Der Überlasser behält sich das Nießbrauchrecht vor.

Nun ist Scheidung anhängig. Termin März 2012

Frage:
Ist dies tatsächlich eine vorweggenommene Erbfolge oder aber doch Schenkung?
Gehört die Wohnung möglicherweise zum ehelichen Zugewinn?

Hintergrund:
Das Haus wurde von mir ausgesucht, die Verkaufsverhandlungen geführt, sowie Abriss und Neubau der Dachgeschosswohnung (und aufwendige Renovierung der EG Whg) durch mich eigenhändig durchgeführt (Außer Zimmermannsarbeiten, Dachdeckerarbeiten und Verrohrung der Heizung. Die Kosten hierfür sind vom Schwiegervater getragen worden. Das ganze mehrjährige Unternehmen wurde durchgeführt um dort zu wohnen (Mietzahlung an den Schwiegervater)und zum Zweck der späteren Altersabsicherung im Glauben, das der durch mich geschaffene Mehrwert (Verdoppelung) auch meinem Altenteil zugute kommen wird (Zugewinn).


Antwort geschrieben am 05.01.2012 01:46:28
Rechtsanwalt Dipl. Jurist Felix Hoffmeyer
Helenenstraße 42, 30519 Hannover, Tel: 0511 86699888, Fax: 0511 86699899
Strafrecht, Verkehrsrecht, Vertragsrecht, Kaufrecht, Internet und Computerrecht, Miet und Pachtrecht, Erbrecht, Verwaltungsrecht
Bewertungen: 376
Frag-einen-Anwalt.de Antworten von diesem Anwalt als RSS-Feed abonnieren!
Sehr geehrter Fragesteller,

wenn die Tochter keine Ausgleichszahlung leisten musste, stellt dieses eine Schenkung im Rahmen einer vorweggenommen Erbfolge dar, verbunden mit einem Nießbrauchsrecht für den Erblasser.

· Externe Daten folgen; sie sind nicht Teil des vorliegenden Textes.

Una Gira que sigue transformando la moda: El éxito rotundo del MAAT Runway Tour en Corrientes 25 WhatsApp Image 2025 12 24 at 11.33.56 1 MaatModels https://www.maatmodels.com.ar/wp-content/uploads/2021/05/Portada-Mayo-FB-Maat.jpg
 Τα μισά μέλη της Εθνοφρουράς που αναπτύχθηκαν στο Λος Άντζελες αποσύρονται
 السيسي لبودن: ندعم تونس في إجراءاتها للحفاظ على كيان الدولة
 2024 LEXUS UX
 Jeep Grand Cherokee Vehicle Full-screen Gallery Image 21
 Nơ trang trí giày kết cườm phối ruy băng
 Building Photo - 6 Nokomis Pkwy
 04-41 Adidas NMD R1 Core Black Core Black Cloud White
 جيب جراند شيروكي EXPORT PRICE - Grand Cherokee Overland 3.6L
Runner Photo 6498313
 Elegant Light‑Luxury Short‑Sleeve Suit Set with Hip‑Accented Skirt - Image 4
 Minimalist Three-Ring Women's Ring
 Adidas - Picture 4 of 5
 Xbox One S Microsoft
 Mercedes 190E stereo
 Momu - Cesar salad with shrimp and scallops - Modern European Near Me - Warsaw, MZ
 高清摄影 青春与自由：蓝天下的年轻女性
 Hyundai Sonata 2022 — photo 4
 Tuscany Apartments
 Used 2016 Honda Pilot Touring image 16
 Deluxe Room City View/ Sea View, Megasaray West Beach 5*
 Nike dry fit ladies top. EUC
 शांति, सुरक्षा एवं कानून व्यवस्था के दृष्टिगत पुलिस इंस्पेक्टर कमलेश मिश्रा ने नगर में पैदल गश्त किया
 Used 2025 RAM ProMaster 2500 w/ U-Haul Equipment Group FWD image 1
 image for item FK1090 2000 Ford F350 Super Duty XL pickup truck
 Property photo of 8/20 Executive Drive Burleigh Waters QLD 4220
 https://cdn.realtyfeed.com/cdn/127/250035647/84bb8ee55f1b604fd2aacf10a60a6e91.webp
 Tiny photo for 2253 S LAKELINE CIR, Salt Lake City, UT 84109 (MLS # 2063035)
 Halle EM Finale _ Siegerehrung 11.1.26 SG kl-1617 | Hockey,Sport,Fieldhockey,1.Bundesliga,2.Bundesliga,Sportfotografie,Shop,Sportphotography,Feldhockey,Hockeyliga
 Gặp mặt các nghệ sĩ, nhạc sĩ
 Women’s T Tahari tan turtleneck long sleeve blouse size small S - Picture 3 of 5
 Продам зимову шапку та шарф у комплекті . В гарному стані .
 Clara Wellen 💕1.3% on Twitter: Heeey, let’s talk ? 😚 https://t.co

Allerdings muss sich die Beschenkte die Schenkung voll auf Ihren späteren Erbteil anrechnen lassen (wenn es noch andere erben geben sollte), da § 2325 BGB (also die 10 Jahresfrist, nach der Schenkungen beim Erbfall nicht mehr berücksichtigt werden) bei der Einräumung eines Neißbrauchsrechtes für den Schenker nicht zur Anwendung kommt (BGHZ 125, 395, 398 f.).

Wenn die Wohnung selbst bereits vor der Ehe von Ihnen gekauft worden ist, spielt der Zugewinn hierbei keine Rolle mehr, da diese dann zum Anfangsvermögen hinzuzählt, ebenso wenn Ihnen diese z.B. geschenkt worden ist oder Sie diese geerbt hätten.

Der Zugewinn ist die Differenz zwischen dem Endvermögen eines Partners bei Scheidung und seines Anfangsvermögens bei Heirat.

Falls Sie aber erst während der Ehezeit z.B. Eigentumsanteile daran erworben haben oder aber Wohnrechte, dann sind diese zu berücksichtigen.

Wenn Ihre Frau jedoch ebenso so viele Anteile erworben hat, dann hebt sich dieses auf und es müsste auch kein Ausgleich geschaffen werden.

Generell kann aber gesagt werden, dass wenn die Wohnung erst während der Ehe angeschafft worden ist und Vermögenszuwächse darstellt, diese auch in den Zugewinn hinein fällt und ggf. ausgeglichen werden muss.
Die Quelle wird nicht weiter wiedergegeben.